Are home sales slowing?

Discussion in 'Sun City General Discussions' started by BPearson, Feb 18, 2019.

  1. BPearson

    BPearson Well-Known Member

    Trends around the country show homes sales, new starts are slowing. The craziness of the past few years may well be catching up to us. In Sun City, i have argued we are less likely to suffer those slowdowns, but are we?

    I went to the treasurer's financial reports for the last six months and it looks like that may well be the case. The PIF amounts are averaging around 550 k for those months with several of them under $500,000.

    Obviously we need to see longer time lines for a more clear picture, but it is important to follow the rest of the year to see whether we are dropping off. It matters as the board has a number of large ticket items they want to work on and those PIF dollars all matter as to how much gets done and how fast.

    The good news is there is 16 million dollars in the Preservation fund. What we don't know is how much is owed on the Willowbrook/Willowcreek project (if anything). We do know the solar payoff is 5 million plus (up somehow by a million dollars from the original buyout). We don't know the final costs of the South golf course pro shop but i suspect it will be in the neighborhood of 2 million dollars. And, we have yet to see any costs for the Grand Ave project. Interestingly they didn't have an updated budget for it, they are waiting for the builder to tell them their cost. Odd.

    The point being a good share of that 16 million dollars in the PIF is already accounted for. Nope, no reason to panic, just always interesting to get folks to pay attention to what is going on within the community. Sadly, too few people pay any attention...at all.
     
  2. GCotten

    GCotten Member

    The most reliable information that I am aware would be through the Arizona Journal of Real Estate & Business. It is published monthly and can be subscribed to and/or viewed on line at www.asreb.com., 480-946-5388. Each month there is a theme that is written about by many leaders in real estate and the business world here in Arizona. There is a particular contributor that supplies monthly statistics regarding the real estate market in the Phoenix area. The contributor is Fletcher R. Wilcox, V.P. Business Development and Real Estate Analyst for Grand Canyon Title Agency. I find that his information is reliable and is not limited or based upon the opinions of your friendly neighborhood real estate agent. You may find that some information may not be specific to Sun City or other age restricted communities but what happens elsewhere in the Phoenix area also occurs to the senior communities as well.
     
  3. BPearson

    BPearson Well-Known Member

    Gary: Have you seen comparative stats for sales from year to year. t would be interesting to see what has happened in calendar years, 2017, 2018 and the first two months of 2019. I can look at PIF revenue on a monthly basis, which actually was what got me started on this thread.
     
  4. GCotten

    GCotten Member

    BP: Based upon the February Journal article the residential closed sales for 2017 and 2018 were basically equal with less than 1% variance. A decline in sales started in the summer of 2018 offsetting the increases in the earlier part of the year thus bringing down the activity in 2018 to equal the activity in 2017. The second have of 2018 show a slow down of closed sales which may continue into 2019. The author has not addressed the first two months of 2019 yet. Prices continue to rise which decreases the affordability which creates less sales. Overall new listings were down in 2018 compared to 2017 totaling about a 1% decrease. The good news that should still keep the market active is that the job market is good, the interest rates have dropped a little and the Phoenix area has continued growth.

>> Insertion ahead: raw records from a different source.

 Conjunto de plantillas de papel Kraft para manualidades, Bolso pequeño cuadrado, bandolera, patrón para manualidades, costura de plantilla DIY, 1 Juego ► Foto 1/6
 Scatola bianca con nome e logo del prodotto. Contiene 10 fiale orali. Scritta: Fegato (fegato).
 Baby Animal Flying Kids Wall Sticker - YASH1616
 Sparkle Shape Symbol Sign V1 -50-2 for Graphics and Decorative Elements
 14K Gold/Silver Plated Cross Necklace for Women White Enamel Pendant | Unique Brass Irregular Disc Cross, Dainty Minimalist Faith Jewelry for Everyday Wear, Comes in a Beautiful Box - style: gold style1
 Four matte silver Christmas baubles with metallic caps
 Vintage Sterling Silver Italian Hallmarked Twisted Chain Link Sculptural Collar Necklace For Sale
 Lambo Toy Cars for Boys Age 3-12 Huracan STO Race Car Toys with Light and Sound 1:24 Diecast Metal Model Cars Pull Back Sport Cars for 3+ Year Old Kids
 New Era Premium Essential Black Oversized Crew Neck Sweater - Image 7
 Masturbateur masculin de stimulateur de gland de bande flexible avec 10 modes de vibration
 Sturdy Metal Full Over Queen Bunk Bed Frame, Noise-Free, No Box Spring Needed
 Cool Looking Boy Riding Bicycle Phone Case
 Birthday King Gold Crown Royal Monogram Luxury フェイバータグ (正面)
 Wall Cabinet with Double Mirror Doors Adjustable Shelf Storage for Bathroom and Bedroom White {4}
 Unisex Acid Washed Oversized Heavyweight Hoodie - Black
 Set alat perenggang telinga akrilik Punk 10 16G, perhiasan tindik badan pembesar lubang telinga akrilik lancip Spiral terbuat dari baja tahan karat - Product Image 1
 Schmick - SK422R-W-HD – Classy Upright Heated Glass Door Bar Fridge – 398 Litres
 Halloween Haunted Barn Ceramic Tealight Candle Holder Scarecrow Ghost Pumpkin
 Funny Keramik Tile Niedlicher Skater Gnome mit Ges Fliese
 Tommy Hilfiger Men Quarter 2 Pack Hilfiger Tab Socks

    On a personal note I have seen a slow down in activity, a tremendous amount of price lowering on existing listings which is basically a longer time on the market and for the first time in years the appraisals coming in at less than the agreed upon purchase price on pending sales. It is my belief that we may be in for a "correction" in the market. I have seen this occur four times now at about an average of 12 year intervals.......the timing is about right for the next "correction".

    Sun City and other age restricted communities are not exempt from market conditions although when corrections or shifts occur it may happen slower and not be as drastic as some other areas. The figures that we see from RCSC for the numbers of transactions whereby by a PIF fee is collected is not necessarily a 100% reflection of market conditions. There is a certain amount of PIF fees collected where a "sale/purchase" has not occurred. I have no information as to what percentage of the total that may be.
     
  5. BPearson

    BPearson Well-Known Member

    Thanks Gary. I didn't think the falloff was great, but clearly there is some. The correction you talk about is cause for concern. The PIF is how we get things done and with the commitments already in place, future plans rely on those 2000 homes sales per year. It is imperative the board pay close attention to these trends. You are right, we aren't impacted as bad as non-age restricted communities, but we still feel it none the less.

    I agree, the spike in home prices, which has been significant, has played a role. Many of the homes in the 1400-1600 sq that used to sell for 150k to 180k are being placed on the market for $230 and more. There's so many flips out there that are driving home prices and the funny thing is people that have done nothing to their home run comps and think their vintage home should sell for one that has been redone. Comparing apples to antelope.